§ Captioned web images:

┌──

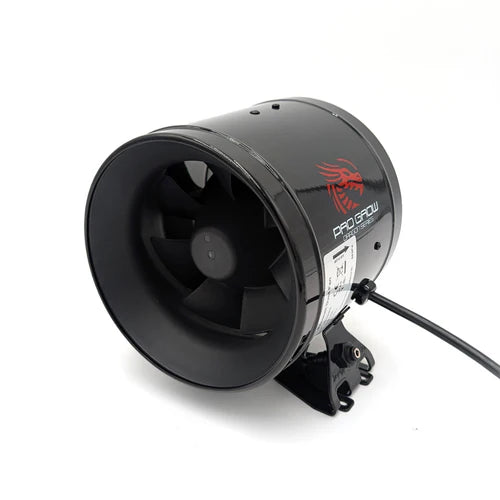 Pro Grow - Dragon Series Fan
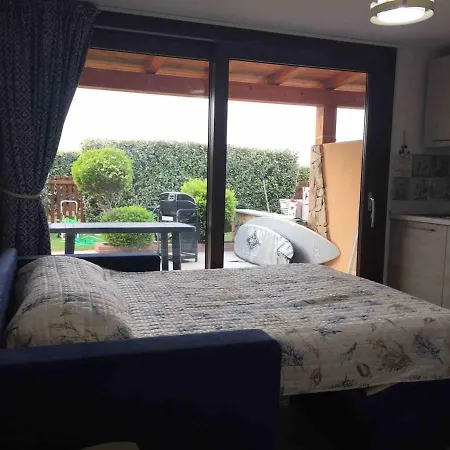 Casa de Férias Casa Alberto 55 *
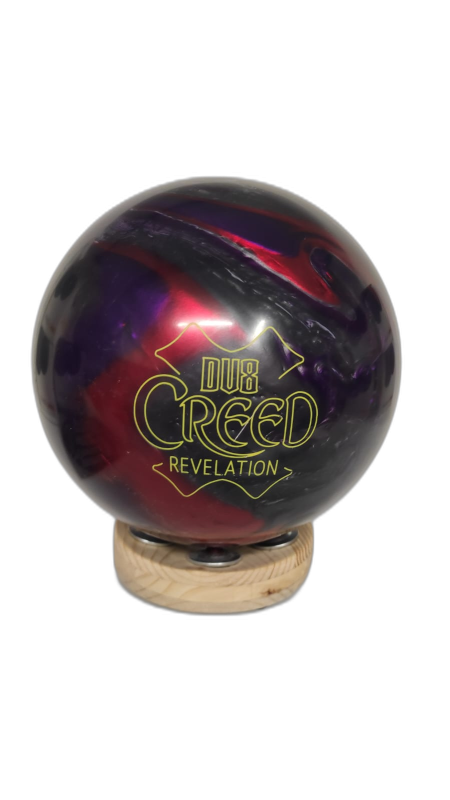 DV8 Creed Revelation - 2nd Hand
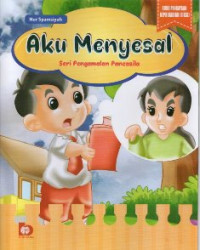Image of Aku Menyesal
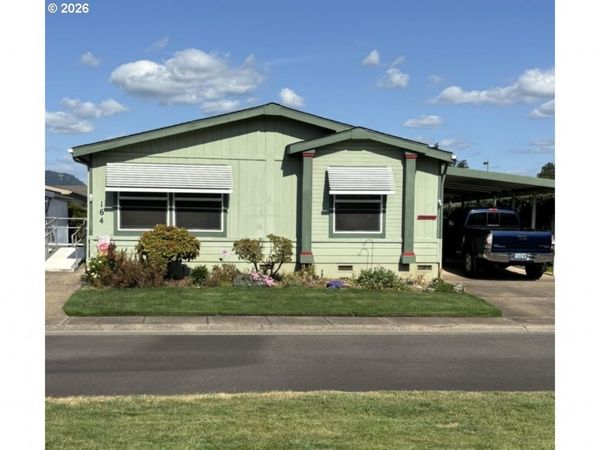 3355 N Delta HWY, Unit 164, Eugene, OR 97408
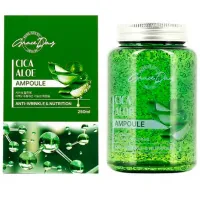 Ser pentru față Grace Day Calmant 0.25l / Toate tipurile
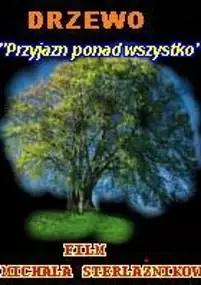 Plakat filmu Drzewo
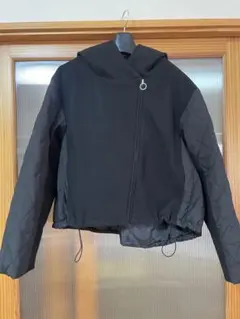 AZUL ショートジャケット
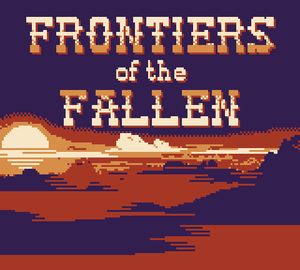 play Frontiers Of The Fallen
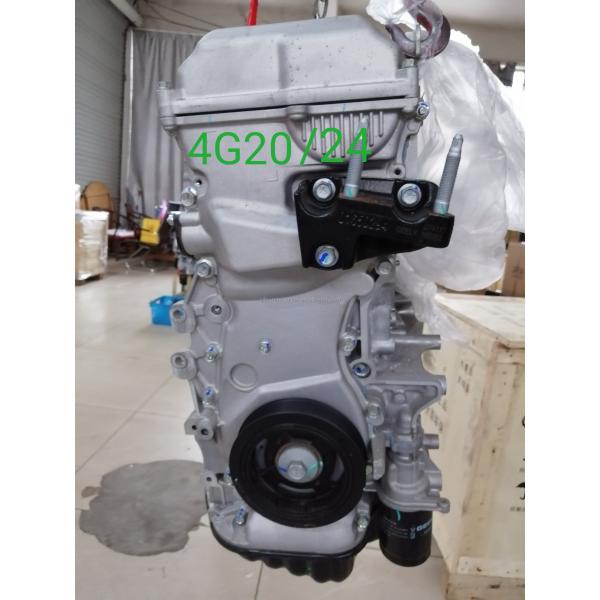 4G20 2.0L Engine Block 4 Cylinders for Hyundai Geely 4G15 4G18 4G24 MR479Q 80KG Weight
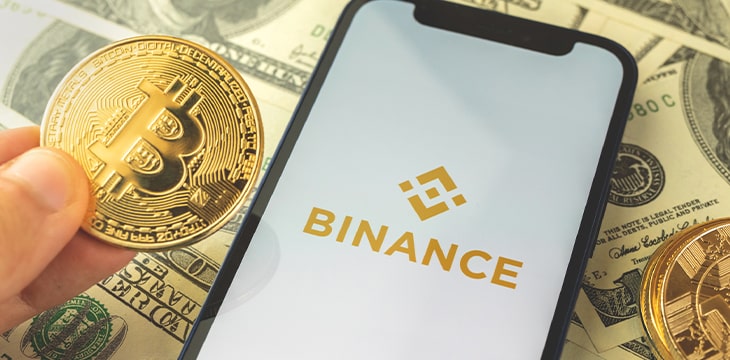 Binance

└──

Please transcribe, with no additions, the lines starting at the one that contains "3355 N Delta HWY, Unit 164, Eugene, OR 97408" and running through the last line of the entries, inclusive. Leave the pictures out.

§ Written answer:
 3355 N Delta HWY, Unit 164, Eugene, OR 97408
 Ser pentru față Grace Day Calmant 0.25l / Toate tipurile
 Plakat filmu Drzewo
 AZUL ショートジャケット
 play Frontiers Of The Fallen
 4G20 2.0L Engine Block 4 Cylinders for Hyundai Geely 4G15 4G18 4G24 MR479Q 80KG Weight
 Binance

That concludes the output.